Member of the Legislative Assembly of Alberta
- In office October 28, 1918 – July 18, 1921
- Preceded by: Edward Michener
- Succeeded by: George Smith
- Constituency: Red Deer

Personal details
- Born: June 6, 1859 Grand Banks of Newfoundland
- Died: December 24, 1937 (aged 78)
- Party: Liberal
- Occupation: politician

= John Gaetz =

Canadian politician

John Jost Gaetz (June 6, 1859 – December 24, 1937) was a provincial politician from Alberta, Canada. He served as a member of the Legislative Assembly of Alberta from 1918 to 1921 sitting with the Liberal caucus in government.

==Early life==
Gaetz moved to the Red Deer area with his mother Catherine Gaetz in the fall of 1885. They applied for and got homesteads in the area. The area is now known as the Gaetz Lakes Sanctuary.

==Political career==
Gaetz ran for a seat as the Liberal candidate in a by-election held on October 28, 1918. He won the district easily over Conservative candidate F.W. Galbraith.
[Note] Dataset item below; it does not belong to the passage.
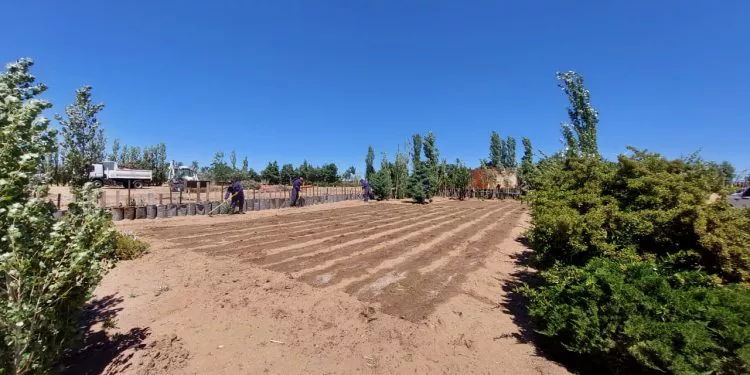 Vivero CCo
Gaetz ran for a second term in the 1921 Alberta general election. He was easily defeated by United Farmers candidate George Smith in a two way race.

Gaetz attempted to win his seat back in the 1926 Alberta general election. He faced off against Smith for the second time and Conservative candidate William Payne. The race was hotly contested Gaetz finished third and was eliminated on the first count. His second preferences put Smith over the top.